Aim of the exercise: Before you write out the listing, remove the pictures; everything else stays exactly as it is.

Provided data:
== == ==

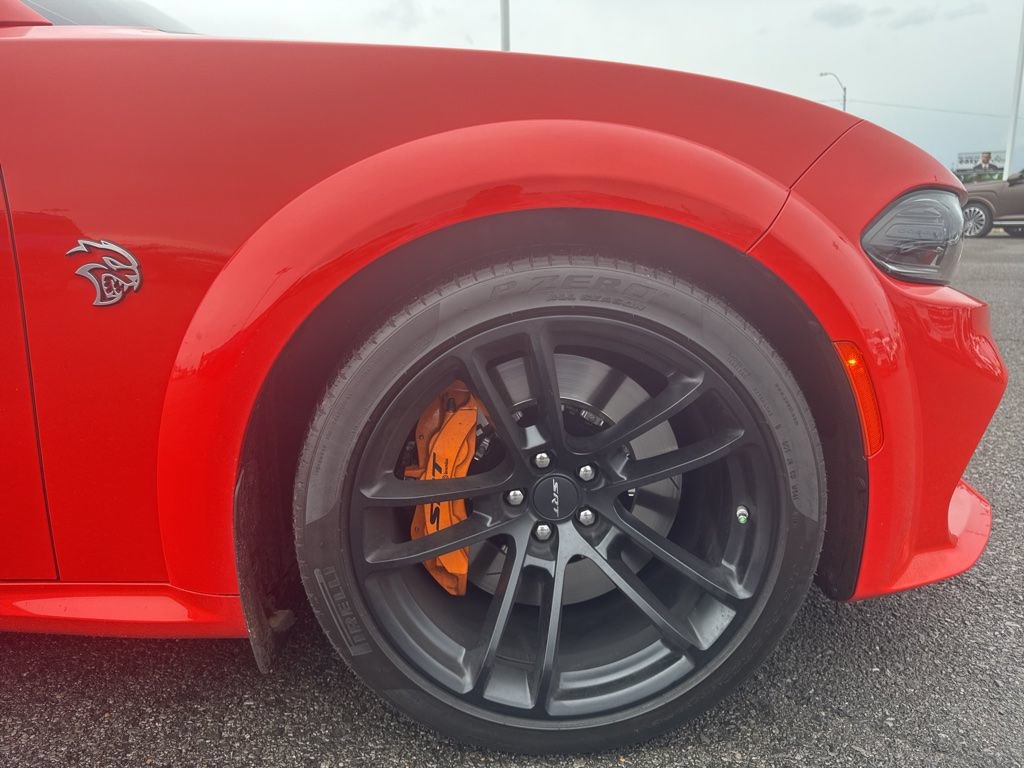 Used 2022 Dodge Charger SRT Hellcat w/ Carbon/Suede Interior Package RWD image 7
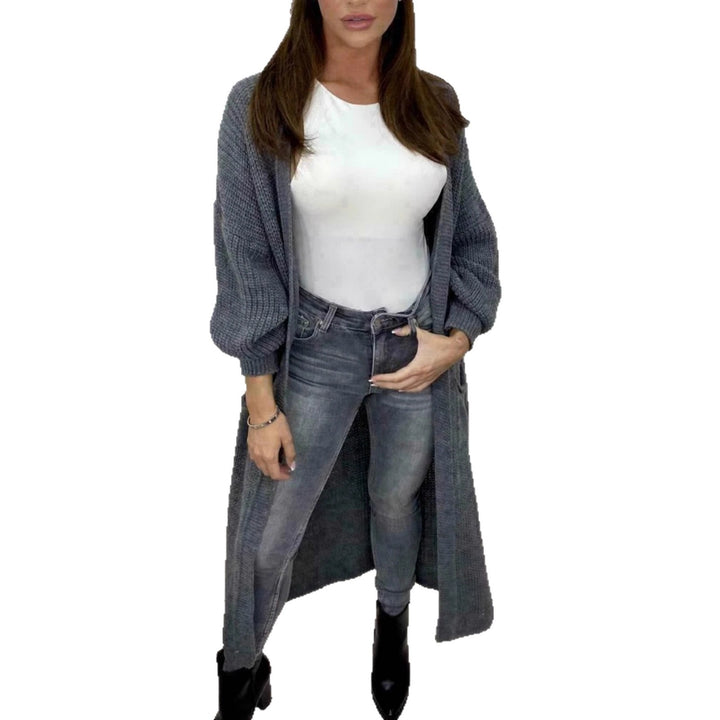 Damens stickmantel med djupa fickor och moderna detaljer Eva Jonsson-Eva Jonsson
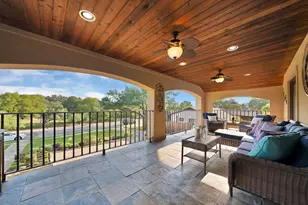 306 E Rochelle Blvd, Irving, TX 75062 - Photo 25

== == ==

Solution to the exercise:
 Used 2022 Dodge Charger SRT Hellcat w/ Carbon/Suede Interior Package RWD image 7
 Damens stickmantel med djupa fickor och moderna detaljer Eva Jonsson-Eva Jonsson
 306 E Rochelle Blvd, Irving, TX 75062 - Photo 25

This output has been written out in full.